I am attempting to use a uCurrent Gold as referenced by several SE posts such as measuring microampere current without noise with a mains-grounded oscilloscope, to observe the small current into an inverting opamp input, for the first stage of a close reproduction of David Ashton's Pulsing Led for Competition.
My setup is diagrammed below, and I reason this is not the correct setup. The oscilloscope I'm using is a mains-grounded scope, so the connection to the V- jack on the uCurrent is shorted to the I- jack, and that represents a path to mains ground.
Referring to the diagram below, the points I marked as P1 and P2 (purple color) are normally shorted, but to insert the uCurrent, I've opened them up and inserted in the current inputs to the uCurrent.

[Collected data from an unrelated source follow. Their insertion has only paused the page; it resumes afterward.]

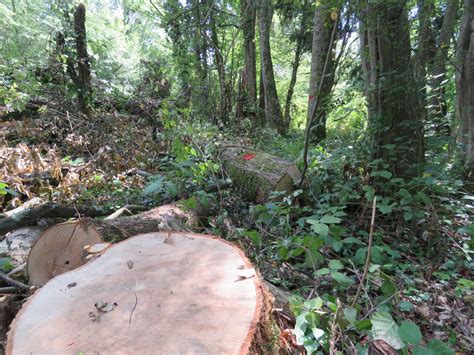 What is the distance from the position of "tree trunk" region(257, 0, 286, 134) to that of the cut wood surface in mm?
4328

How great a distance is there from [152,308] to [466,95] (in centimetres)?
450

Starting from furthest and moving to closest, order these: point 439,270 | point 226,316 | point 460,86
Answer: point 460,86 → point 439,270 → point 226,316

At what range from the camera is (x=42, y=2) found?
11711mm

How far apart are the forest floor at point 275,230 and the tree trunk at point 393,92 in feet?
2.33

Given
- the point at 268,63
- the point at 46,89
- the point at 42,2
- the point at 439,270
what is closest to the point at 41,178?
the point at 46,89

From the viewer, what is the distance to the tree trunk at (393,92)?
3.24m

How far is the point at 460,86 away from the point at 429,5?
1.34m

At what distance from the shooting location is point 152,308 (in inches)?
53.7

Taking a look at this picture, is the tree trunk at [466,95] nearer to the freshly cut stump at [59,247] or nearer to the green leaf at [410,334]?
the green leaf at [410,334]

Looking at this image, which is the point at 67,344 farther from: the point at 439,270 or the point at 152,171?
the point at 152,171

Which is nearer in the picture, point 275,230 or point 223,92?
point 275,230

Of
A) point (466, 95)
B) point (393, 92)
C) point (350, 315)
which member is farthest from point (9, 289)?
point (466, 95)

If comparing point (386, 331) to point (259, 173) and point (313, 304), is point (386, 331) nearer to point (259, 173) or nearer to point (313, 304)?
point (313, 304)

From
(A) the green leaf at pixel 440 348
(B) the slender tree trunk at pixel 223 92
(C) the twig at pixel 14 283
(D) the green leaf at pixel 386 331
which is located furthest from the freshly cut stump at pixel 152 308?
(B) the slender tree trunk at pixel 223 92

The ground wires for CH1 and CH2 of the scope, along with the connection between V- and I- on the uCurrent, result in shorting points P2 and P3 to ground, thus shorting the capacitor to ground, which is not intended.
Basically, I've concluded that the dashed green lines in my diagram below are all at equipotential, which is an incorrect test setup.

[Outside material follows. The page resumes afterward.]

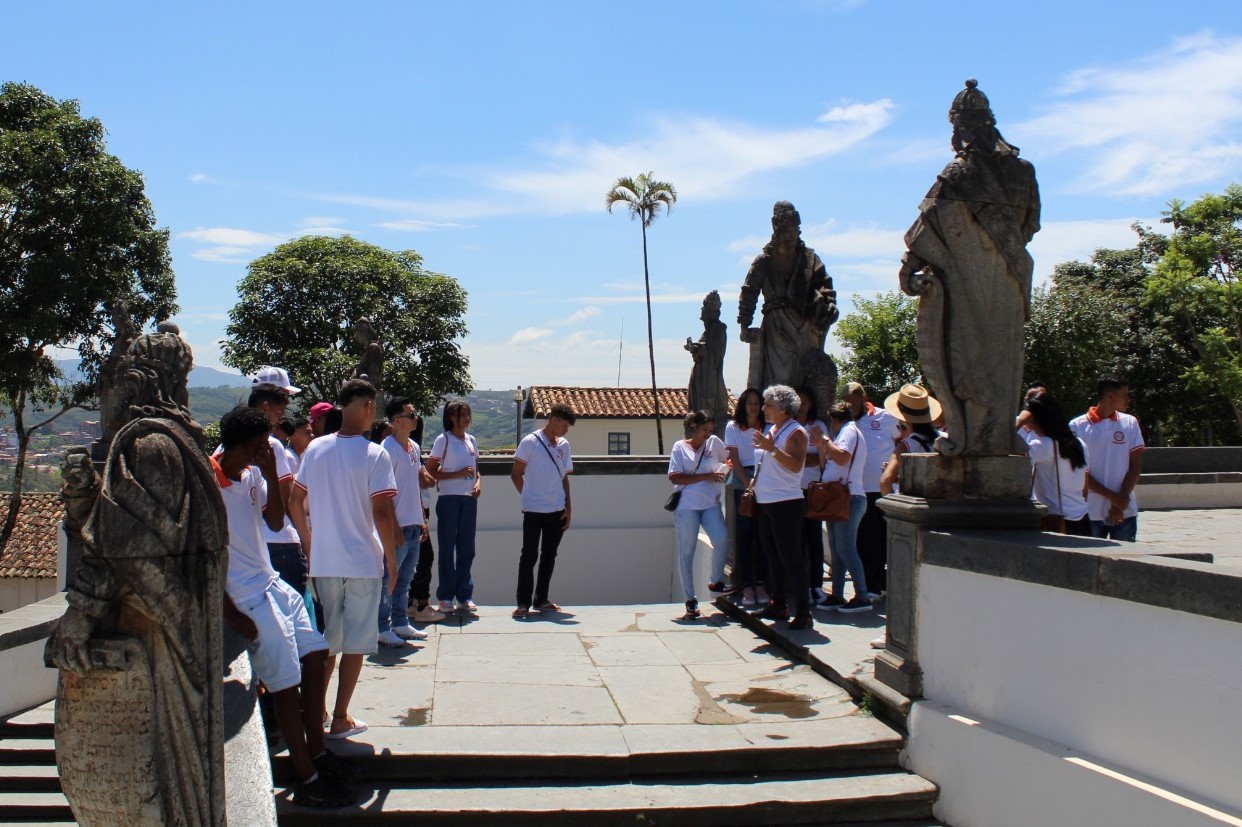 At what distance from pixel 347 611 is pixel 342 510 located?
51cm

And, I reason that, had this circuit used a large separate mains-grounded (not isolated) power supply, versus what it uses which is a CR2032 battery, I would run the risk of damaging my scope (reference EEVblog #279 - How NOT To Blow Up Your Oscilloscope!).
Is my assessment correct? If so, are all of the following approaches viable? :
- Buy a differential probe (EEVblog #279 offset 1214s), or
- Use two different scope channels, one for the uCurrent V+ and a different one for the uCurrent V-, leaving all grounds at the same equipotential, and avoid hooking any of the scope's grounds at point P2, and using the scopes math function to subtract the two signals, effectively resulting in a voltage differential being plotted (only viable if I have a > 2 channel scope), or,
- Just stop using CH2 on the scope to view the voltage on top of capacitor, as that takes out the short at point P3 (but I don't want to do do that as I want to see how the small current going into the inverting op-amp input changes (or doesn't change much at all) along with the voltage on the capacitor).